Payroll is one of your company’s biggest expenses representing 30 to 50% of all of your expenses depending on your industry. Your employees are one of your greatest assets. It is your company’s (or “plan sponsor”) fiduciary responsibility to ensure employees are paid correctly and that their retirement plan contributions are calculated appropriately and in line with the company’s retirement plan provisions. Unpack the Why, How, & When to Reconcile Payroll and What the TPA Needs for Census.
The employee and payroll data reconciliation need to be done before a pension audit. (Some people get this in the wrong order.)
Why Reconcile Payroll
The payroll and the associated retirement plan must pass an annual audit, or the plan could be disallowed, even closed altogether. The hassle factor and associated fines and taxes pale compared to the heartache of informing your loyal employees of such an event.
How to Reconcile Payroll
For payroll reconciliation, a payroll clerk (human resources employee, etc.) compares the payroll register with the amount the company plans to pay its employees to ensure the numbers match. There are many sub-steps to proper payroll completion. These six main tasks should be repeated at every payroll, the numbers checked quarterly and then annually.
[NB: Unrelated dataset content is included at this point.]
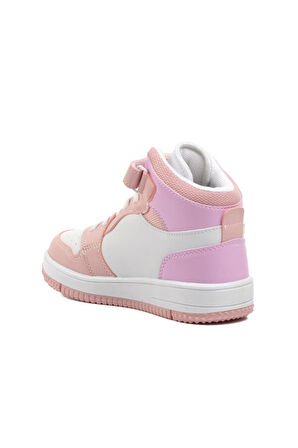 Ayakmod Uzun P Lila Pembe Kız Çocuk Sneaker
- Check the payroll register for correctness
- Verify employee time cards
- Double-check each employee’s pay rates
- Triple-check payroll deductions
- Submit payroll for payment
- Record the payroll numbers in the general ledger
It’s also a good idea to randomly spot-check the payroll numbers and reconcile them every few months to find out if any errors are growing like mushrooms in the dark recesses of your payroll forest. There are many good reasons to reconcile your payroll, but one of the most important (besides keeping the trust of your employees intact) has to do with the retirement plan’s very existence.
When to Reconcile Payroll
Reconciling payroll should be done every pay period. It needs to be done quarterly (for the 941) and annually (for W-2s), of course. But it also has to be done annually (between January and March 15) for the retirement plan to be sure any excess contribution checks go to employees before March 15th. The company must do the reconciliation BEFORE the figures go to the TPA.
To be safe, put a reminder on your calendar to do the reconciliation the first two months of the year.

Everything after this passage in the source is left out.